Physiological bicarbonate buffers: stabilisation and use as dissolution media for modified release systems

Bicarbonate media are reflective of the ionic composition and buffer capacity of small intestinal luminal fluids. Here we investigate methods to stabilise bicarbonate buffers which can be readily applied to USP-II dissolution apparatus. The in vitro drug release behaviour of three enteric coated mesalazine (mesalamine) products is investigated. Asacol 400 mg and Asacol 800 mg (Asacol HD) and the new generation, high dose (1200 mg) delayed and sustained release formulation, Mezavant (Lialda), are compared in pH 7.4 Krebs bicarbonate and phosphate buffers. Bicarbonate stabilisation was achieved by: continuous sparging of the medium with 5% CO(2)(g), application of a layer of liquid paraffin above the medium, or a specially designed in-house seal device that prevents CO(2)(g) loss. Each of the products displayed a delayed onset of drug release in physiological bicarbonate media compared to phosphate buffer. Moreover, Mezavant displayed a zero-order, sustained release profile in phosphate buffer; in bicarbonate media, however, this slow drug release was no longer apparent and a profile similar to that of Asacol 400 mg was observed. These similar release patterns of Asacol 400 mg and Mezavant displayed in bicarbonate media are in agreement with their pharmacokinetic profiles in humans. Bicarbonate media provide a better prediction of the in vivo behaviour of the mesalazine preparations investigated.

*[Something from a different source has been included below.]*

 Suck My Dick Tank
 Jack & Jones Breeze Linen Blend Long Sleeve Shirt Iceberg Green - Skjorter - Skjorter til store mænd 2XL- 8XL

Drug Solubility in Luminal Fluids from Different Regions of the Small and Large Intestine of Humans

The purpose of this work was to study the solubility of two drugs with different physicochemical properties in luminal fluids obtained from various regions of the human gastrointestinal (GI) tract and to determine the most important luminal parameters influencing their solubility. Jejunal fluids were aspirated from healthy volunteers via an oral intubation tube. Ileal and colonic fluids were obtained from patients undergoing GI surgery. Stoma fluids were also retrieved from patients. pH and buffer capacity of all fluids were determined. Saturation solubility of prednisolone (unionisable) and mesalamine (5-aminosalicylic acid) (zwitterionic) was measured. Mean solubility of prednisolone in the different luminal fluids was 0.50 mg/mL (±0.05) and did not vary significantly between the different regions of the GI tract (ANOVA, p > 0.05). No correlation between prednisolone solubility and jejunal bile salt content was found. Mesalamine solubility increased down the GI tract: 1.97 (±0.25), 3.26 (±0.08), 6.24 (±1.13) and 7.95 (±0.21) mg/mL in jejunal, ileal, ascending and transverse/descending colonic fluids respectively. Buffer capacity also increased and in one patient was observed to range from 6.4 to 28.6 reaching 44.4 mM/L/pH unit in ileal, ascending and transverse/descending colon fluids respectively. Mesalamine solubility was found to be dependent on both buffer capacity and pH, with buffer capacity being the most important (standardized coefficient β = 0.849, p < 0.0001) compared to pH (β = 0.219, p < 0.05). For drugs delivered as modified release formulations it is important to consider solubility in different regions of the GI tract as significant differences can arise which will ultimately influence drug bioavailability.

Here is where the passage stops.